No es el típico mundo descrito como una sociedad sin niñ@s, al contrario, se compone de mujeres de todas las edades y sus hij@s pequeñ@s. Eso sí, al cumplir los once años, el varón debe partir para intercambiar semillas con otras comunidades: una solución frente a la endogamia de grupos reducidos. Hay otras comunidades asentadas, pero entre medias hay otros peligros poco descritos, gente que no está “En La Ley”, de la que hablan rumores, y contra la que tienen que vigilar constantemente.
La ley contra la ley
De repente, un hijo retornará adulto, pero también aparecerá un extraño de fuera de La Ley, que no deja claras sus intenciones.
El texto de Martínez Vila tiene mucho de sobrecogedor en cuanto al paralelismo y la cercanía, pero también en cuanto a la ceguera que refleja sobre nuestra sociedad. Un pobre ambiente, intervenciones breves y cortadas de sus personajes, la sensación de acoso y delimitación del ambiente en cuanto a la disposición escénica, que en su estreno rodea al lugar, a La Ley.
Dentro del mismo se habla de un concepto particular de lucha por la supervivencia, en el que cabe aquello que la comunidad o sus responsables deciden, aunque se hable en las asambleas. Se tratará la cuestión del colectivo, pero se evidencia el problema del “yo”, especialmente cuando la situación se vuelve más complicada. Hablan de las necesidades, pero queda un interesante resquicio para otras cuestiones aparentemente más banales: la música casi perdida a la que se trata de volver y los libros ajenos al manual, despreciados y quemados como combustible. Un interesante debate sobre la visión de la obra que nos deja diversas pinceladas.
Aquí se me aparece de nuevo la figura de ese Peter Pan oscuro, que cada uno de los propios personajes lleva dentro, que parece estar construyendo algo, pero que no es más que el anuncio de la destrucción para impedir el crecimiento. Es una Ley que se enfrenta a la propia Ley, para mantener el statu quo, mientras que esa misma Ley asegura que trabaja para cambiar y mejorar las cosas.

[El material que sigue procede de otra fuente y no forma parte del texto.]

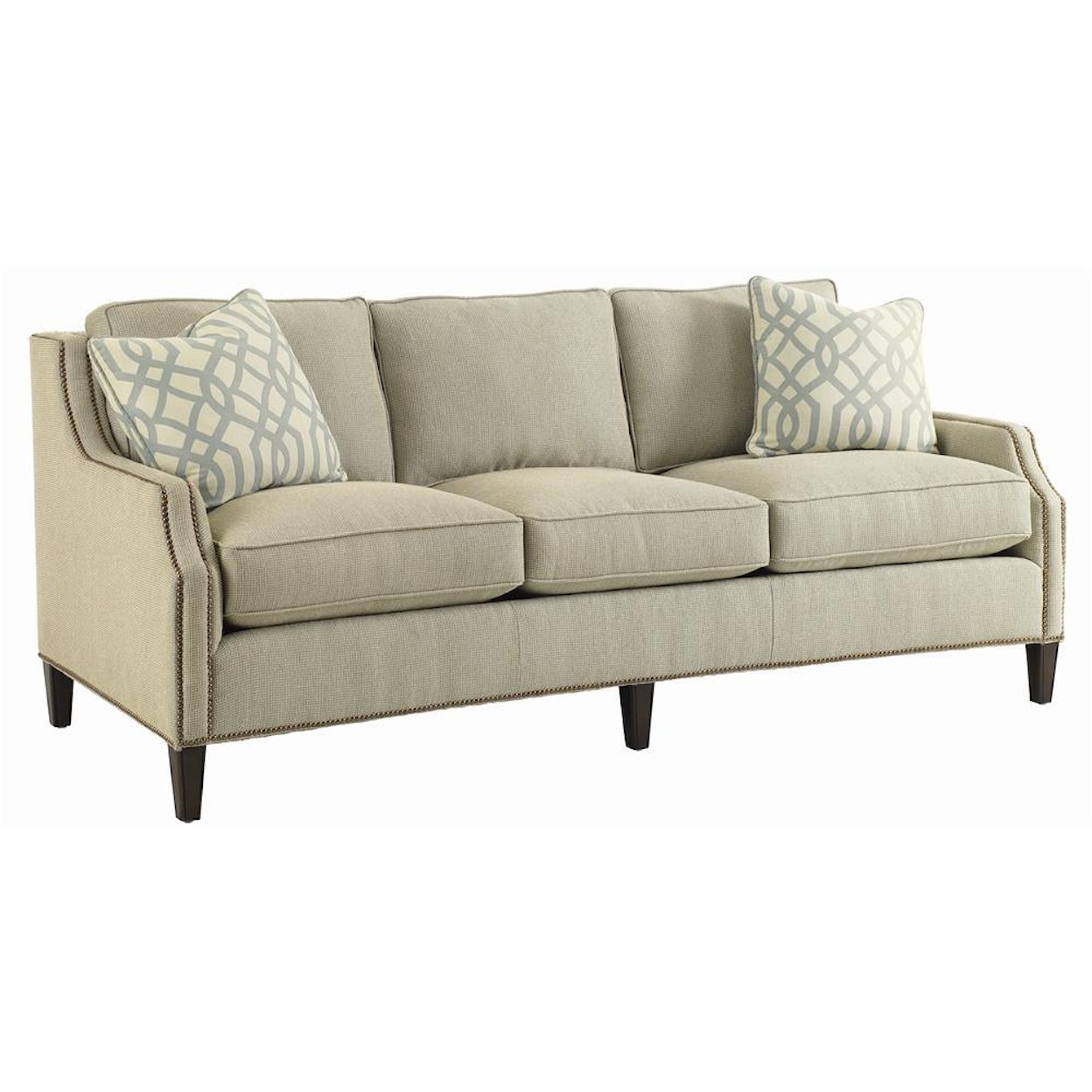 Lexington Upholstery Signac Sofa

El equipo y la construcción
El director Juan Ollero aprovecha la circunstancia sobre la diferencia de esas mujeres, para generar los papeles de tres actrices con caracteres actorales muy diferentes, que logran dar el enfoque divergente que precisa si situación. Aquí, Carmen Mayordomo, Ángela Boix y Begoña Caparrós, se expresan en sentidos que quieren chocar entre sí, para ajustarse en los personajes de la Agente que dirige el lugar con mano de hierro pese a sus propias dudas, Amparo, la mujer sumisa que no es capaz de enfrentarse a su entorno, pero no soporta perder a sus hijos hasta limites que transgreden todas las normas, y Sara, una joven a punto de ser inseminada por el varón disponible que toque, pero que rechaza disfrutar de ello, porque tampoco acepta la situación.

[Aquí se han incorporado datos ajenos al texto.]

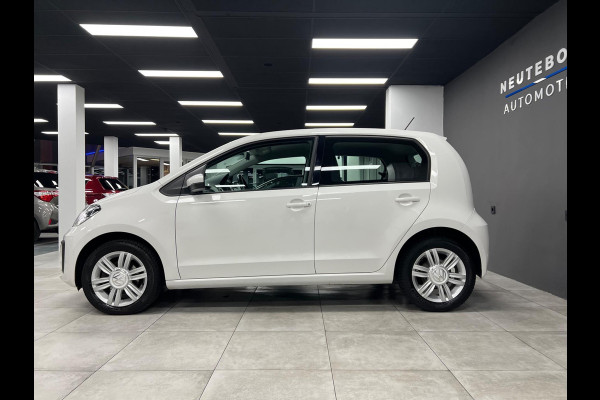 Volkswagen up! 1.0 BMT high up! | PDC | CAM | BEATSAUDIO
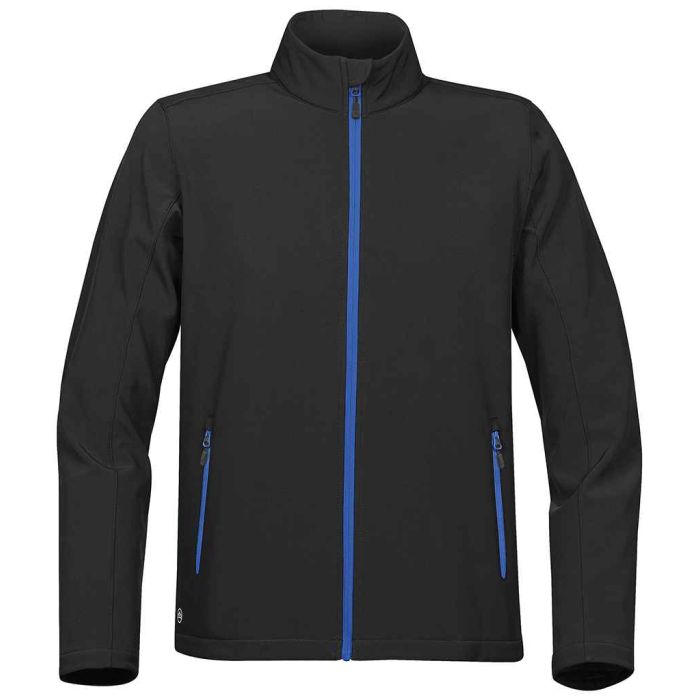 Stormtech Orbiter Soft Shell Jacket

La ruptura que el joven Bruno (Carlos Troya), y el individuo que viene de fuera (Fabián Augusto Gómez Bohórquez), harán una gran cuña en la que ninguno de ambos encuentra la relación entre sí, pero contribuyen sin remedio a inmiscuirse revelando un orden completamente roto.
La disposición del público en la función permite que los personajes no se dirijan a él, sino que hagan su vida interior, sin dejarlo al margen. Todo es tétrico, oscuro, hace anhelar la luz y el exterior, pero sobre todo, sugieren la necesidad de una vía de solución que no llega. En este sentido, tanto el texto como su desarrollo sugieren una gran influencia de Strindberg, ya sea en el planteamiento, como en la forma en que devienen los acontecimientos: en los diálogos aislados o acotados entre los personajes, en una tragedia inherente a cualquier avance, en la práctica indiferencia de los personajes que, aún así, se anuncian como luchadores, en la inevitabilidad de una situación que se ha creado antes de que nada suceda.
Y sería interesante y tentador seguir explorando las consecuencias de este trabajo, pero ese es un trabajo que queda para el público.